In fact, a close look at BLS methods suggests that, if anything, the official unemployment rate may be overcounting rather than undercounting the unemployed.


[font color="red"]New material:[/font] In August 2015, DUers whatthehey and progree got into a 1995 report from economists John E. Bregger and Steven E. Haugen. The .pdf is unfortunately an image and thus challenging as a source of quotes. Trying to find it in a format that does make for easy copying, I was led to this:

Alternative Unemployment Rates: Their Meaning and Their Measure March 12, 2014

{snip}
 

beachbumbob

(9,263 posts)
6. Forbes guess is pretty close to what it is as of today
Thu Apr 9, 2020, 02:35 PM
Apr 2020

the official numbers don;t come until BLS releases the monthly info which looks back a month, and runs a month late. For the period of February, the data was released on March 27th. So March will be released on April 27th and we won;t know April's until June 27th

Igel

(35,317 posts)
7. It's a meaningless number.
Thu Apr 9, 2020, 03:22 PM
Apr 2020

It's changing quickly, and it usually says something about the health of the economy, the consequences of millions upon millions of choices small and large made by millions of different people. This is the consequence of government shut-downs, the political decisions (presumably informed by medical knowledge) of perhaps two score people.

When the pass-through payroll funding kicks in, it'll be even more meaningless, because people will be on the payroll who may not actually have a job to go back to--if I were an employer, I'd keep the people no the free payroll until there was a reason to lay them off.

Think of it as a medically induced coma and on a ventilator.
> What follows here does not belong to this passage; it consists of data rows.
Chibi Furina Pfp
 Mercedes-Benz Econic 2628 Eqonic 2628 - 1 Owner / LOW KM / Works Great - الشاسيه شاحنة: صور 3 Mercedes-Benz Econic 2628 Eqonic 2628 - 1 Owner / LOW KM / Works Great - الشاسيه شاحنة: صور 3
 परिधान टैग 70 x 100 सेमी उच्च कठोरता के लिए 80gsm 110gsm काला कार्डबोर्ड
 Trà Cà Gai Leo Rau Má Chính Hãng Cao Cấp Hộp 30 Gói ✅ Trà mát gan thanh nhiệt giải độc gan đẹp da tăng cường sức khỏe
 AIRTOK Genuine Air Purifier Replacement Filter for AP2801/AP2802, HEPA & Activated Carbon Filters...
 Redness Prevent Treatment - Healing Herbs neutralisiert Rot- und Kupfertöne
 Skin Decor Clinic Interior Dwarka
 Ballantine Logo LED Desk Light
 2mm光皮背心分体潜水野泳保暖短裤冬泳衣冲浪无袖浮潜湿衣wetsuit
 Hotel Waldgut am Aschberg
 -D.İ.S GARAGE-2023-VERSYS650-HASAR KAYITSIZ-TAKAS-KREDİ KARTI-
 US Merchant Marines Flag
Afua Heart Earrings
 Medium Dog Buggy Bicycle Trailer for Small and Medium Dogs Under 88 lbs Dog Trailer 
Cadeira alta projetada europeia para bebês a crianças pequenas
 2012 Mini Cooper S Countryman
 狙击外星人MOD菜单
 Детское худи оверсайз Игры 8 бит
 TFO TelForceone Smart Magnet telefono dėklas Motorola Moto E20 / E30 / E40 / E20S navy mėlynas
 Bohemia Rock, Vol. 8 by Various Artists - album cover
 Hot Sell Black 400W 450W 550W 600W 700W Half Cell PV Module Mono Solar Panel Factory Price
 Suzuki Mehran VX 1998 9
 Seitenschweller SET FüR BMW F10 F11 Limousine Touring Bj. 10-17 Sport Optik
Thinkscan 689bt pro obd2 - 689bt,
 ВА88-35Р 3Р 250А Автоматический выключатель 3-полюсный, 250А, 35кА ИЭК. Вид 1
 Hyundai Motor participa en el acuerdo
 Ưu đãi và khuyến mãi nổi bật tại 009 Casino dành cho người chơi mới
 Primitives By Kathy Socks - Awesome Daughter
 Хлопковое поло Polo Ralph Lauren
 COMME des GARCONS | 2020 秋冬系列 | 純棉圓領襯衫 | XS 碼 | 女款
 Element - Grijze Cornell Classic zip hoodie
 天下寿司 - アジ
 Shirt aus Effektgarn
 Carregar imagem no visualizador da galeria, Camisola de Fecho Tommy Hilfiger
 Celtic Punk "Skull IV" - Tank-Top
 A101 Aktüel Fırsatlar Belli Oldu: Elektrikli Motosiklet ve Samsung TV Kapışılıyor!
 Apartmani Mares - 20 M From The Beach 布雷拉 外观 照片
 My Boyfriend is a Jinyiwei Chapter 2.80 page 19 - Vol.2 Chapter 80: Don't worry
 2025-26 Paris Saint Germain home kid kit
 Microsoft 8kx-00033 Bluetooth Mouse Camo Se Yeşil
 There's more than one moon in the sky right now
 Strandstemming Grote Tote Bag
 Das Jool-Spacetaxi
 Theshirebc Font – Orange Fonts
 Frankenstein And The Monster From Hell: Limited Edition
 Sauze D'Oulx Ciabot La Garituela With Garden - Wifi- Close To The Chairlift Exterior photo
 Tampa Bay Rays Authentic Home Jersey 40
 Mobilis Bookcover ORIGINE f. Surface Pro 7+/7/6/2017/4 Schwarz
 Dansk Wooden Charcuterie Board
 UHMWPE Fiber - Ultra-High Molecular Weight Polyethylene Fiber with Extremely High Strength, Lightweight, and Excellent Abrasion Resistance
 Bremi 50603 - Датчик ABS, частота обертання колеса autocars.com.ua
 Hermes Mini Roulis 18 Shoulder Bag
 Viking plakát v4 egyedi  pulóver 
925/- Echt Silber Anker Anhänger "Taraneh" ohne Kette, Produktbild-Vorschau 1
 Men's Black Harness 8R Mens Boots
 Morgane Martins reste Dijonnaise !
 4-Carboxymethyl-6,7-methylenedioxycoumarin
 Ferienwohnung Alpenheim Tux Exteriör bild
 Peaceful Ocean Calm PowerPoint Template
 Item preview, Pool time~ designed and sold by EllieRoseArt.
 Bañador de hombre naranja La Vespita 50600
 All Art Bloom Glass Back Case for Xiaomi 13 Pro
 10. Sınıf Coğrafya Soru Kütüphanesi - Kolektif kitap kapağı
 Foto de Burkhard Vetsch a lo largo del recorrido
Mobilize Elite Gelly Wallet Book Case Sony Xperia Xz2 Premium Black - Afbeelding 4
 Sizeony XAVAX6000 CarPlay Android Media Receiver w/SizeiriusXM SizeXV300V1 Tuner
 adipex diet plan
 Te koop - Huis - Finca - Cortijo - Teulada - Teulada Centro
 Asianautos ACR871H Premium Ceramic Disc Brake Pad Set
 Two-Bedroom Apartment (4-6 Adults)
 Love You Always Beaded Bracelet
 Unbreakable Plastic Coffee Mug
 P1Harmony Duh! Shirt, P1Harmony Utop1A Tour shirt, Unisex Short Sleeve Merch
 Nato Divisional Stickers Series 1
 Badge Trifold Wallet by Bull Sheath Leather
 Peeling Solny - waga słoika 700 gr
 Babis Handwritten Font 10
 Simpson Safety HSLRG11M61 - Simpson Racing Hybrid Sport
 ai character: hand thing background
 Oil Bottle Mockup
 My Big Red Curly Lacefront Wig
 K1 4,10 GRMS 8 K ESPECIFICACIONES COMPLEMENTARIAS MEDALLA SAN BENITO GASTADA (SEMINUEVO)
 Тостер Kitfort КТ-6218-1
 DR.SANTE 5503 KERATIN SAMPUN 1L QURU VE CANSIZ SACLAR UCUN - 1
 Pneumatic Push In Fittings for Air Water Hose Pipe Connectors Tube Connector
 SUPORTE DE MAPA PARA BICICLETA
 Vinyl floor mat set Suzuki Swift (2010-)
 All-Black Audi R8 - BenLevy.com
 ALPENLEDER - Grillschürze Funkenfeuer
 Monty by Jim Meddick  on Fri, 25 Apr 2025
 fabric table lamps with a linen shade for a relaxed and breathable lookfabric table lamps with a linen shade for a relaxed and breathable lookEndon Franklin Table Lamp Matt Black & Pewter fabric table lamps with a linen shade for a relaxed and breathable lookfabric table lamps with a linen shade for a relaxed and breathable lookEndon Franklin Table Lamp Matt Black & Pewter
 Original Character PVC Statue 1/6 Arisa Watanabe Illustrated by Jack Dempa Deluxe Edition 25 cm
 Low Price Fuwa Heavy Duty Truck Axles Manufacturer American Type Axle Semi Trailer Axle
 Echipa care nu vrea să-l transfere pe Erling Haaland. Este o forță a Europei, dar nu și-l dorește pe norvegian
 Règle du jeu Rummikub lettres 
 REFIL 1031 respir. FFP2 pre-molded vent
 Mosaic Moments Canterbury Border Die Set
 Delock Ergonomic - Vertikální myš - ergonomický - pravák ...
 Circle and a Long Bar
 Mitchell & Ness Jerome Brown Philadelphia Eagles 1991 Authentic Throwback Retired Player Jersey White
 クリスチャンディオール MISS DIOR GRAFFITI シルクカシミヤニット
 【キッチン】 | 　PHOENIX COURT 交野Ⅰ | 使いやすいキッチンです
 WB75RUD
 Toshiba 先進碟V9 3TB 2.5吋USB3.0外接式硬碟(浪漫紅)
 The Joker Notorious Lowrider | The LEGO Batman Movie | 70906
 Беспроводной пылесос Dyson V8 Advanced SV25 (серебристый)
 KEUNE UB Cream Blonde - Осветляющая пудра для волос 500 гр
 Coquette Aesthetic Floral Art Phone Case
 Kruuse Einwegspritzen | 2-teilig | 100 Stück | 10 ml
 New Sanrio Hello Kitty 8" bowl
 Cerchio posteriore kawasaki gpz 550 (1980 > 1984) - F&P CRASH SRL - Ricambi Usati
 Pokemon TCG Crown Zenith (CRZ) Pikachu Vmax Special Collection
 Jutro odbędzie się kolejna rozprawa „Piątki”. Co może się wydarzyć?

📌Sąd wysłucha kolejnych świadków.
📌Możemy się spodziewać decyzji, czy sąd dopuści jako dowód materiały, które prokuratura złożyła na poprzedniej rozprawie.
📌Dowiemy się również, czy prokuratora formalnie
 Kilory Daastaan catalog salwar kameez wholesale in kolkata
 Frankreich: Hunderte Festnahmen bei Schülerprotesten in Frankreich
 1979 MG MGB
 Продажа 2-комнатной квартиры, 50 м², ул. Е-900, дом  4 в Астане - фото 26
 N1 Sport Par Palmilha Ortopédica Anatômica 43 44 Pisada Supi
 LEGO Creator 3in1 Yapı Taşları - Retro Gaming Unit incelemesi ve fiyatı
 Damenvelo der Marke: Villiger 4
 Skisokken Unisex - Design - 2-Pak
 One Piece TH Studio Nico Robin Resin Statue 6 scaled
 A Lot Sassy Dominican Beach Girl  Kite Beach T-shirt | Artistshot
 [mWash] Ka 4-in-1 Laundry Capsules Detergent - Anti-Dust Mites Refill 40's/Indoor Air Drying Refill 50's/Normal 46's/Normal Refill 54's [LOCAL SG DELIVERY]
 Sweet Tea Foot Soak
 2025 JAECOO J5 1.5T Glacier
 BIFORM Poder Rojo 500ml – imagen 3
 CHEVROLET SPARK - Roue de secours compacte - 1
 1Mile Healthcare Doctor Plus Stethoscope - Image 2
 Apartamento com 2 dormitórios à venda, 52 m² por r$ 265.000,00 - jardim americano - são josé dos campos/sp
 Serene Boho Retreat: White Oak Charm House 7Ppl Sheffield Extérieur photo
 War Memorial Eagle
No, the patient isn't conscious, but what does that say about his health? He was put in that state by a drug. Are his lungs able to work on their own? Right now the muscles are paralyzed. Until they try to wake him up, you can't know if he can be woken up or what he'll be like when he's awake. Until they remove him from the ventilator, you don't know if he can breathe on his own.

Until the government-enforced shut-down ends, there's no way of knowing the health of the patient.

Any prediction based on that is impossible. Any claim that the *real* problem is something other than the shutdown is baseless. There are concerns, but how those play out depends on decisions made by government, by the businesses involved, and by their creditors/vendors/customers/employees.